WHAT TO WORK ON
Below are records with pictures in them. Output exactly the lines from the one with "ももいろクローバーZ女子大戦" through the one with "Licencja Walt Disney", both included, and leave every picture out; give only those lines.

GIVEN DATA
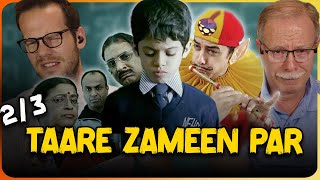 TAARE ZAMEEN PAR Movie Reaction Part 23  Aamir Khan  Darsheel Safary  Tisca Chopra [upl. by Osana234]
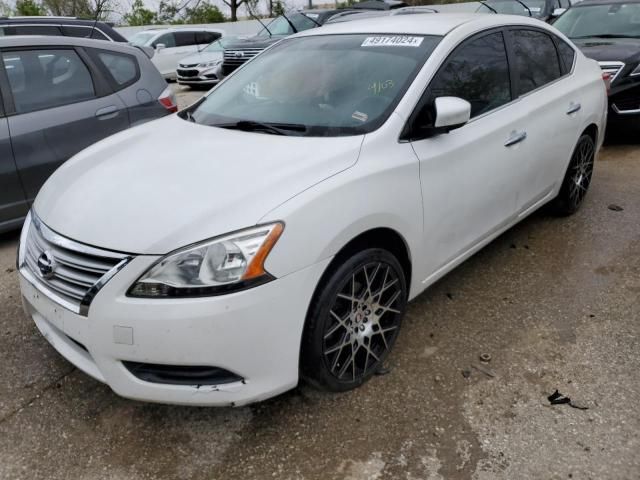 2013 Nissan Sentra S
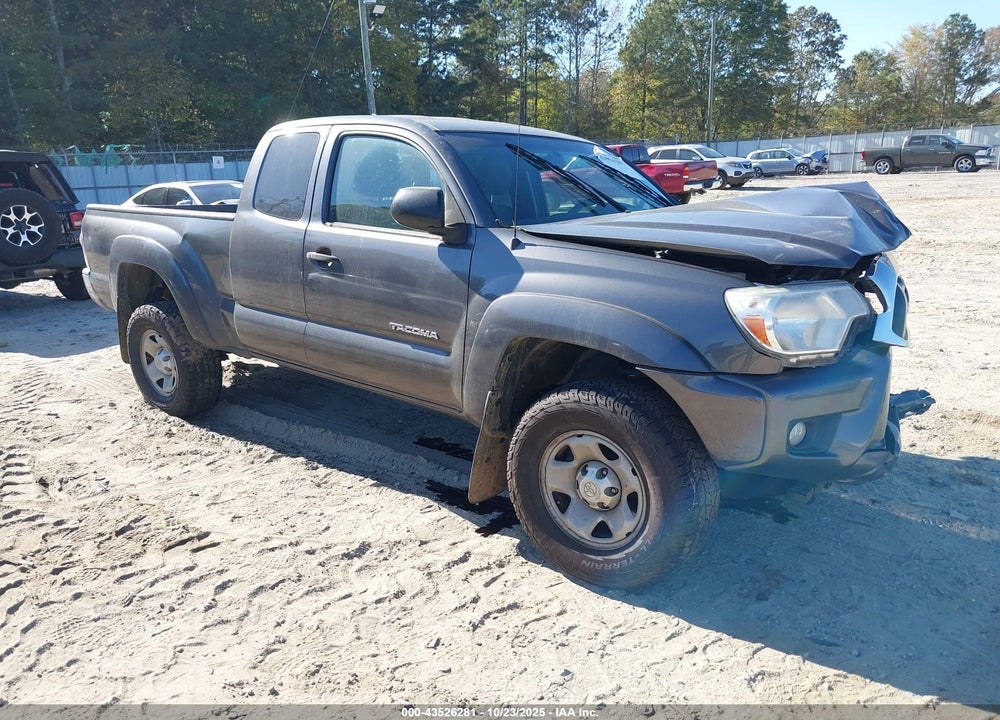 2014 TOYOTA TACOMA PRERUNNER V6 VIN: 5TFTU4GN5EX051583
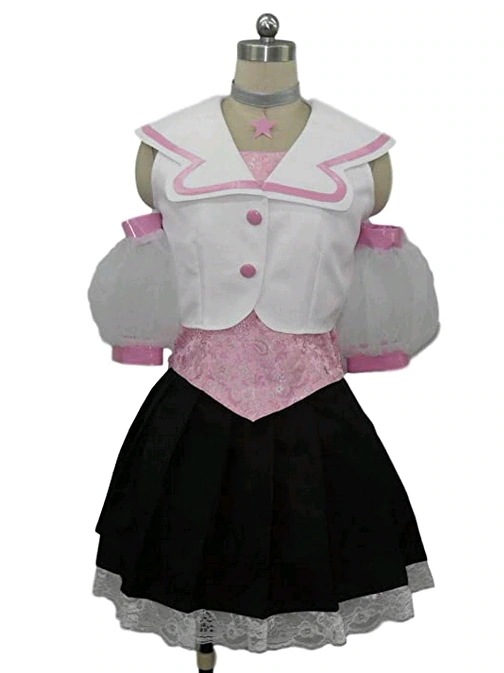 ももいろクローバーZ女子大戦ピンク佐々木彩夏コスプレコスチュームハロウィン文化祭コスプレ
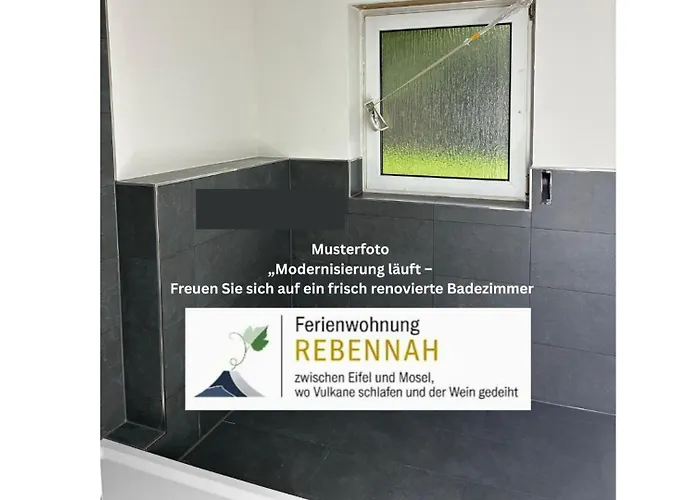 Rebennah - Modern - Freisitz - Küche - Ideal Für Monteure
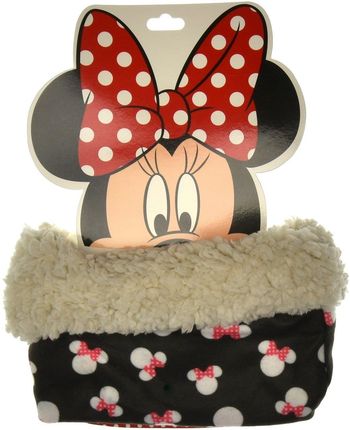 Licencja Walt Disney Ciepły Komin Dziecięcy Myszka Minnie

---

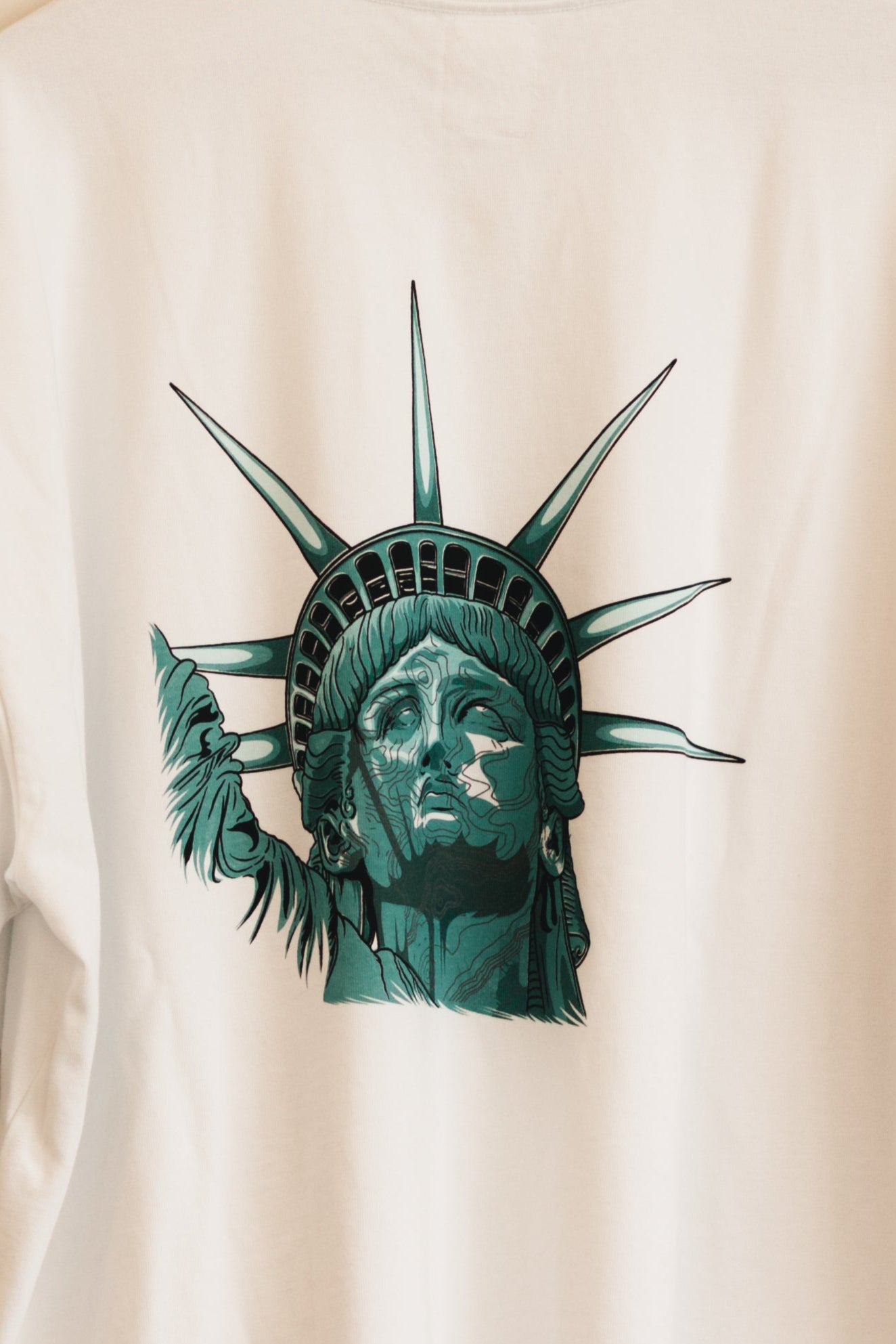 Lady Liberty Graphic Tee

OUTPUT FOR THIS EXERCISE
 ももいろクローバーZ女子大戦ピンク佐々木彩夏コスプレコスチュームハロウィン文化祭コスプレ
 Rebennah - Modern - Freisitz - Küche - Ideal Für Monteure
 Licencja Walt Disney Ciepły Komin Dziecięcy Myszka Minnie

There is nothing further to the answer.